A better and safer approach is to test the price across objects. Don’t test the same product for $19 vs $39. Rather you should test two different products that essentially do the same thing, but just have a different price tag.
Before deciding on your pricing strategy, it’s worthwhile to read Cindy Alvarez’s article where she makes the point that price is not the only cost to consider. When customers consider “what something costs”, they’re actually measuring three main drivers: money (cost), time (how long will it take to learn?) and mental energy(how much do I have to think about this?). Take into account the profile of your buyer.
Combine research from this article
It seems to me that you could combine a lot of the research covered here into a single pricing experiment. How about this:
- You create 3 different plans/packages, and intend to sell mainly the middle one. If your product is expensive, make your website look expensive.
- The first plan is a decoy. It’s similar to the middle plan, but offers visibly less value while costing almost as much. Think of it as A- (as per The Economist example).
- Second plan, the one you want to sell, offers good value for money.
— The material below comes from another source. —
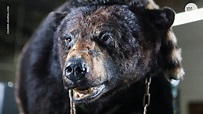 True crime: The real story behind 'Cocaine Bear' | Flipboard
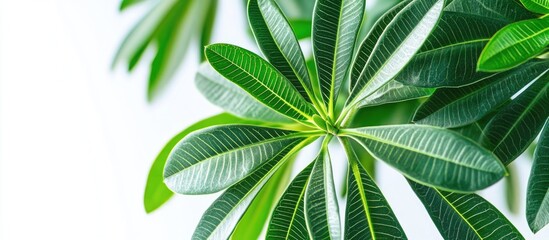 Aufkleber - Close-up of green leaves with light veins on a white background with Copy Space for text placement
The price ends with 9. Maybe it even shows that it has been reduced from a previously higher price or it’s a sale (either way, it has to be true / ethical).
- Third plan is to serve as a contrast to the middle one, it’s role is to anchor in a high figure. Make it much, much more expensive than the middle plan. You don’t actually intend to sell it, but there always the type that wants the most expensive plan – so make sure you can actually deliver on it.